• The problem:
Please transcribe, exactly and only, the lines of the records below from the one holding "Plush Bear Fur" to the very end.

• Information shown:
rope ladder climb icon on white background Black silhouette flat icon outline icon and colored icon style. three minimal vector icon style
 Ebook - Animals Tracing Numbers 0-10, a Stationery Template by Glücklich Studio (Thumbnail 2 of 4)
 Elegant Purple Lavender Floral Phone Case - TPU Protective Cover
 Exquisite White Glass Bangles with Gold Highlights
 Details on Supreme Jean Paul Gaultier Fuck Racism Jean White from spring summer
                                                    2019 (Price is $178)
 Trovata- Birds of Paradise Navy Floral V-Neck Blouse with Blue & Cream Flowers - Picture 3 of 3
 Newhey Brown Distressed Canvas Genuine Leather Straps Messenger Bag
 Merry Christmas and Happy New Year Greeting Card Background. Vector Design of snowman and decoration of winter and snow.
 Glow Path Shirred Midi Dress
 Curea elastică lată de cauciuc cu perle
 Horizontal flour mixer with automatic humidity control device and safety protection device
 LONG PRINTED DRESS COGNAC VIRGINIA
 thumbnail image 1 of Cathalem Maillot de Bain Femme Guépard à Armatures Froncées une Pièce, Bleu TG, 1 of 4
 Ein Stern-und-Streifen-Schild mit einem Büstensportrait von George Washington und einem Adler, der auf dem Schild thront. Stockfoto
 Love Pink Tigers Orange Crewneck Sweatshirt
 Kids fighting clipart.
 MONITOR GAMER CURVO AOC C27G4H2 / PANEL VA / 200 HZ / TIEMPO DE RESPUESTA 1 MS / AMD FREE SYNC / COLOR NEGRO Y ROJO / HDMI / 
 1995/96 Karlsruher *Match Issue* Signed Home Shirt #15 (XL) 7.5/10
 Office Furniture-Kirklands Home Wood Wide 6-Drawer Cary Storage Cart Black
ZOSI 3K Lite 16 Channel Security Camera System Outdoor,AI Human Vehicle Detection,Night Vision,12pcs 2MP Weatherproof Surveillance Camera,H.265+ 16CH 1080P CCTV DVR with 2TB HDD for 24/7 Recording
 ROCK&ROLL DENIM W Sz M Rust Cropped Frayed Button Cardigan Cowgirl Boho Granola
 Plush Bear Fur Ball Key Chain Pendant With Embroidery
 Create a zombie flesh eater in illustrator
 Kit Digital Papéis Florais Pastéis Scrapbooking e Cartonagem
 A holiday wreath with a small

• Response box:
 Plush Bear Fur Ball Key Chain Pendant With Embroidery
 Create a zombie flesh eater in illustrator
 Kit Digital Papéis Florais Pastéis Scrapbooking e Cartonagem
 A holiday wreath with a small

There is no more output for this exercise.